* **What to do**
For each entry, repeat the text exactly and omit any picture it holds.

[[ The data, beginning ]]

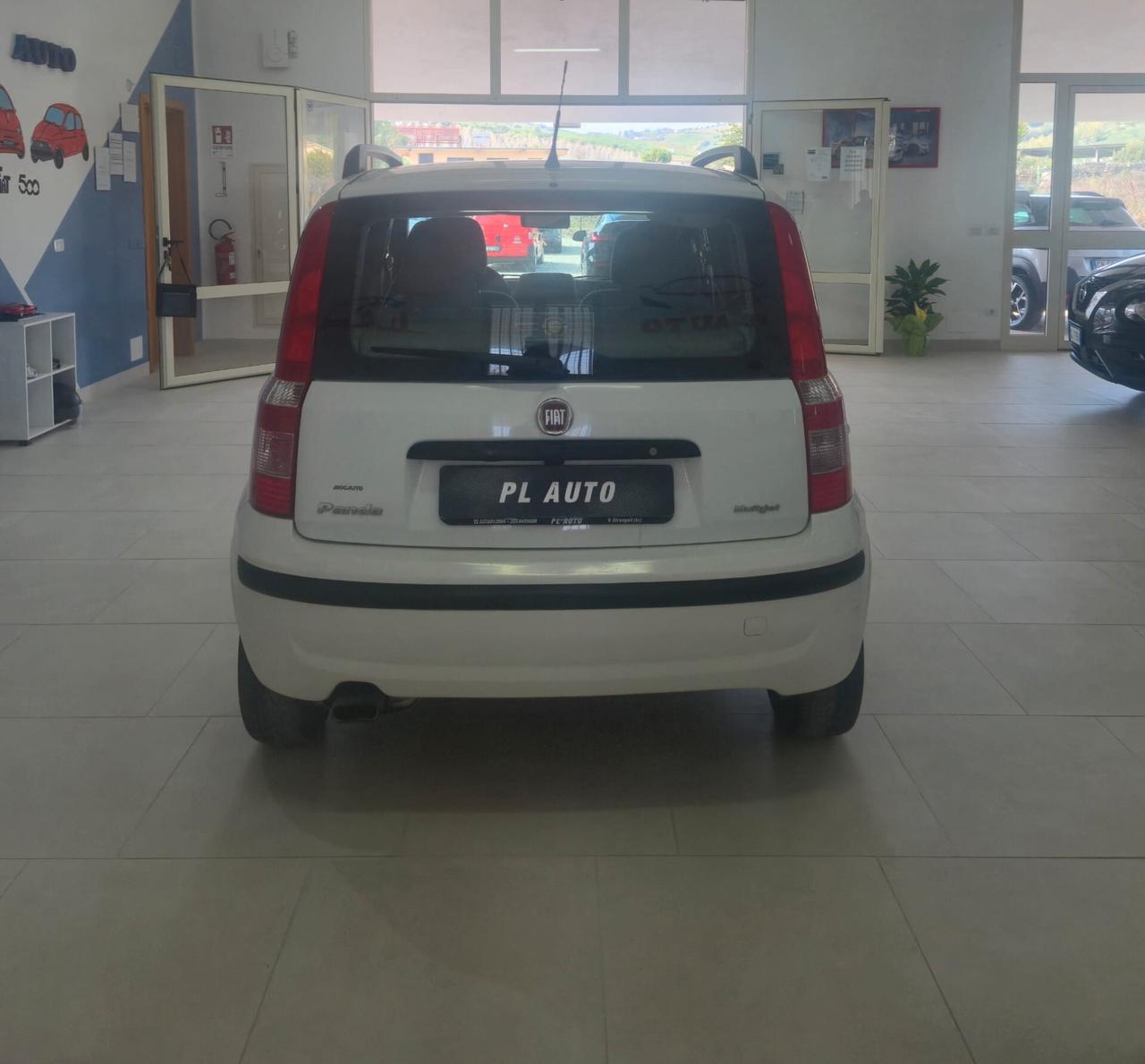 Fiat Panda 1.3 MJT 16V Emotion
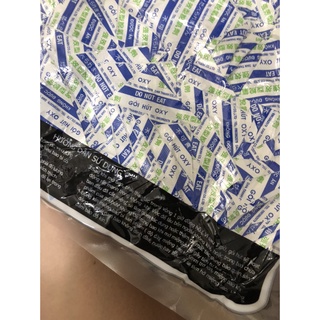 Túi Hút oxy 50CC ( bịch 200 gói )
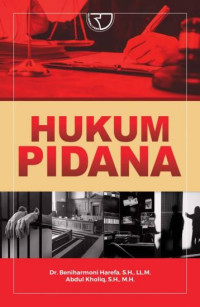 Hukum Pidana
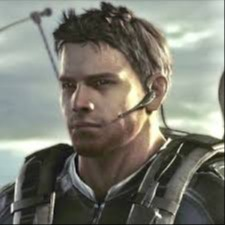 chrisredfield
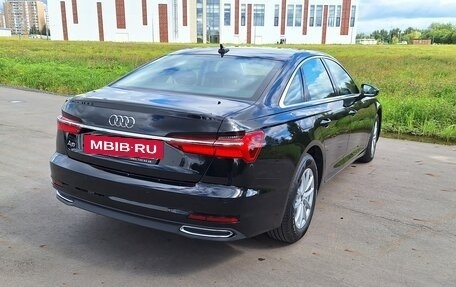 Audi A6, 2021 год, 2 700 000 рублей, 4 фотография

[[ The data, end ]]

* **Solution for this task**
 Fiat Panda 1.3 MJT 16V Emotion
 Túi Hút oxy 50CC ( bịch 200 gói )
 Hukum Pidana
 chrisredfield
 Audi A6, 2021 год, 2 700 000 рублей, 4 фотография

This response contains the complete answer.